Main Places To Inspect

  • sb sessions list and sb sessions show
  • sb traces ...
  • sb quality ...
  • sb autotune ...
  • sb daemon status
  • the operator UI run/chat/quality/approvals pages
  • GET /sessions/{session_id}/health/stream for real-time background-session health snapshots
  • SQLite databases under settings.paths.state_dir
  • artifacts, logs, reports, and output directories under local state paths

Main Implementation Areas

  • brain/obs/
  • brain/state/event_log.py
  • brain/chat/session_store.py
  • brain/serve/chat_runtime.py
  • brain/serve/routers/core.py
  • brain/serve/payloads.py
  • brain/serve/routers/sessions.py
  • serve-ui/src/lib/chat.ts
  • serve-ui/src/pages/AgentCockpitPage.tsx
  • serve-ui/src/pages/AgentsPage.tsx
  • brain/background_sessions/store.py
  • brain/quality/
  • brain/eval/
  • brain/evals/
  • brain/simulations/
  • brain/improvement/
  • brain/autotune/

Stream Contract Check

The serve chat stream contract is intentionally explicit:

  • server event names live in STREAM_EVENT_TYPES
  • the UI handled set lives in HANDLED_EVENT_TYPES
  • GET /stream-events exposes the server list
  • the browser warns if it receives an event the reducer does not handle

When adding a new chat event, update the server callbacks, server event list, UI reducer, and chat-page rendering in the same diff.

Agent Health Snapshot

Background sessions expose one operator-facing health snapshot per active or recent run. The snapshot is a local-first summary, not an external telemetry dependency. It includes status, score, risk flags, last event/tool, warnings, approval state, evidence links, memory scope/provenance, budget usage, audit trail rows, and recovery hints.

The snapshot turns raw events into product state. It detects stale or missing heartbeats, approval waits, loop warnings, repeated plan text, repeated failed tools, slow or escalating tool latency, token/cost/context pressure, retries without progress, context growth without evidence, missing memory context, provider degradation, retry exhaustion, expiry, and safe resume/branch points.

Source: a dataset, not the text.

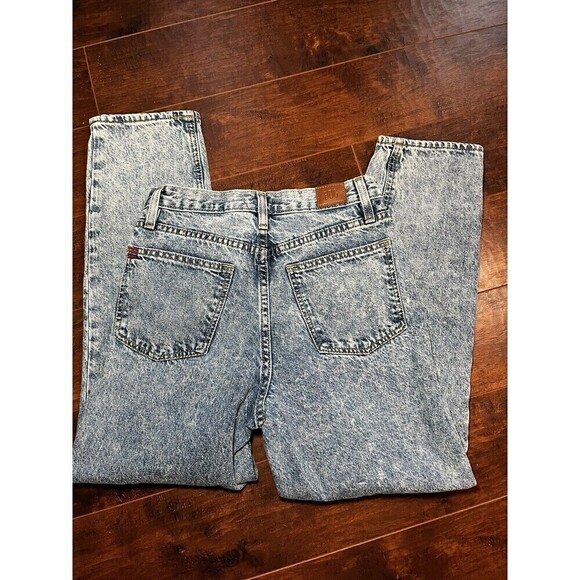 Womens BDG Acid Wash Slim Straight High Rise Mom Jean Sz 26 - Picture 6 of 6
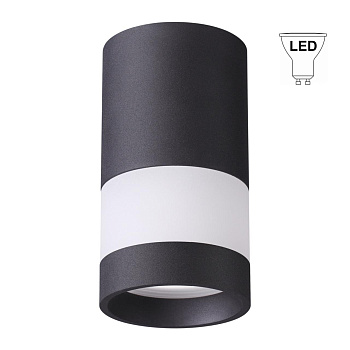 Novotech 370680 NT19 000 черный Светильник накладной IP20 GU10 9W 220-240V ELINА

Background sessions also carry a local health_policy in session metadata. New sessions get a default policy, and the serve UI exposes the main operator budgets: runtime minutes, total tokens, cost, context percentage, and whether a breach should request approval or pause automatically. The supervisor and runtime enforce those thresholds from local events, tool observations, checkpoints, and artifacts. Approval escalation uses the existing local approval store; pause escalation records a policy decision and checkpoint before stopping the session.

Guidance

Prefer adding structured local events and clear inspection commands before adding a new telemetry dependency. A good feature leaves enough local evidence behind to explain what happened without replaying the whole run.